Im Anschluss stand zum ersten Mal ein Werk des diesjährigen Komponisten für Hagen, Detlev Glanert, auf dem Spielplan. Zu seiner „Musik für Violine und Orchester”, die ihre Hagener Uraufführung feierte, inspirierten ihn Teile aus Rainer Maria Rilkes „Sonetten an Orpheus". Das Stück unterschied sich nicht nur in der ungleich größeren Besetzung stark von Haydns Sinfonie. Dissonanzen und Detailreichtum machten den einen Teil der zeitgenössischen Komposition aus, vor allem aber eine unkonventionelle Solovioline: Antje Weithaas erstaunte mit einem im positiven Sinne verrückten Geigenpart, für dessen Interpretation Glanert sich persönlich bedankte. Bei den Sinfoniekonzerten im April und Juni sind zwei weitere seiner Kompositionen zu hören.

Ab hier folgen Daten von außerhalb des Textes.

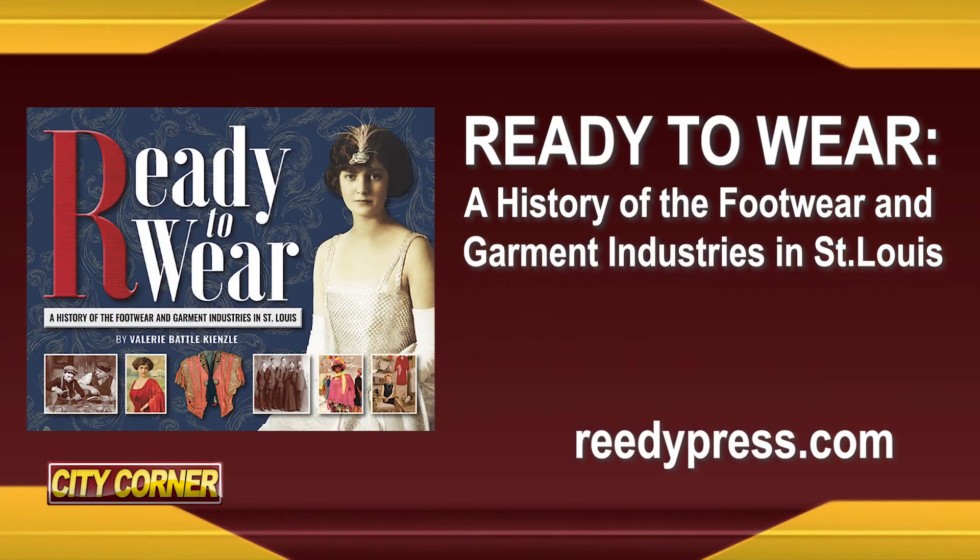The book is Ready to Wear — just out — and it takes a look at the footwear and garment industry in St. Louis. At one time, St. Louis is where retailers from New York City would come to buy fashion and take it back to sell to East Coasters. It's always great to talk to you — anything in the works? This is enough for right now, but yes, I have another one in the works for next year. Thanks for joining us for City Corner. I'm Steve Potter. See you next time.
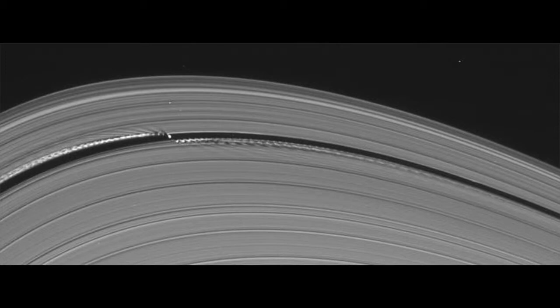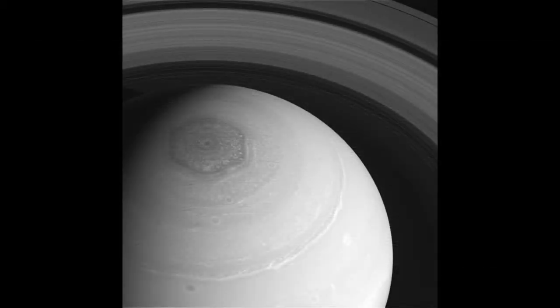A Shepherd Moon is a small natural satellite that clears a gap or confines planetary ring material through its own gravitational field. The name Shepherd Moon comes from the fact that a Shepherd Moon contains the herd of ring particles around the planet.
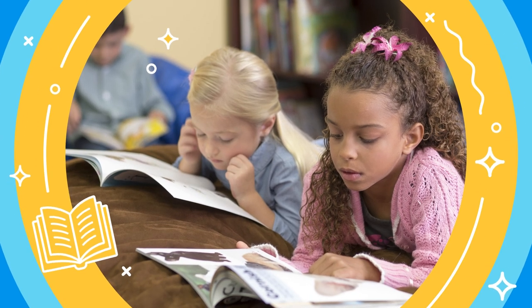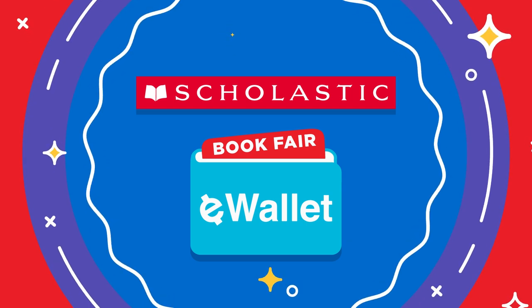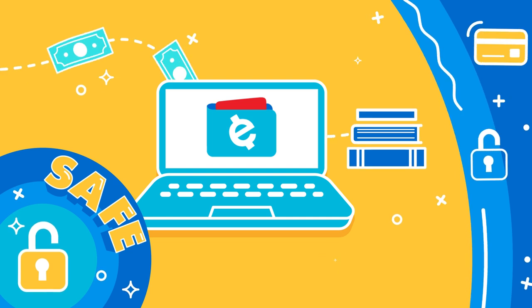It's never been easier to get your child reading. eWallet is a new way to pay at Scholastic Book Fairs. Start by setting up a safe account for your child. Adding funds is fast and secure.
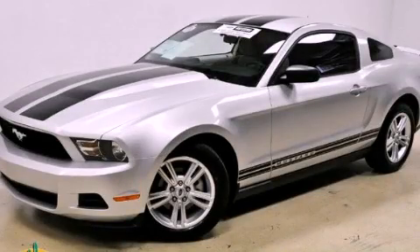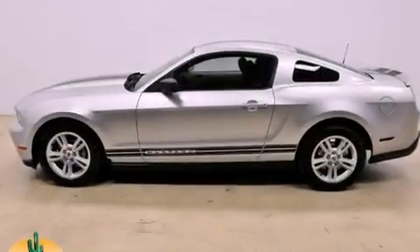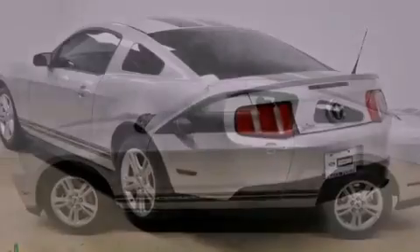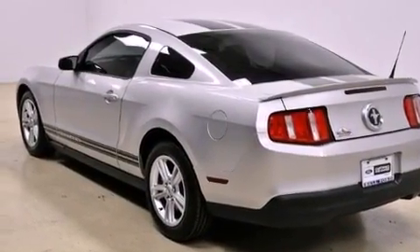This is a certified pre-owned 2010 Ford Mustang, proving that life is a journey and not a destination. It has a 4.0-liter six-cylinder engine and an automatic transmission.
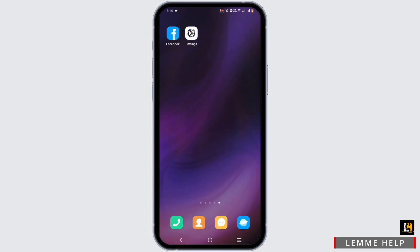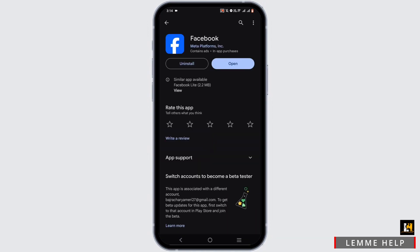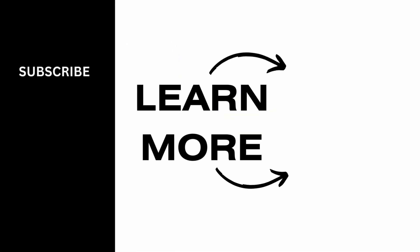Next, open your Play Store or App Store and search for the Facebook app. Tap on it — if there is an update available, go ahead and update it. If not, uninstall and reinstall your application once again. And that's pretty much it for this video. Thank you so much for tuning in.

Mit Ludwig van Beethovens „Pastorale” endete der Abend nach der Pause mit einem Werk von zeitloser Schönheit. Die von den Philharmonikern beseelt gespielten fünf Sätze benötigten kaum musikalisch große Gesten, um beim Publikum großen Anklang zu finden. Nur im passend „Gewitter und Sturm” benannten Allegro mit Pauken und lauten Bläsern wurde der insgesamt helle, harmonische Charakter des Stückes kontrastiert. Ansonsten verströmten verträumte Legatos und die Soloteile der Flöte eine eher frühlingshafte Atmosphäre. Denn Beethoven thematisiert die Eindrücke eines Stadtmenschen in der Natur - auch dies eine Botschaft, die beim Publikum ankam.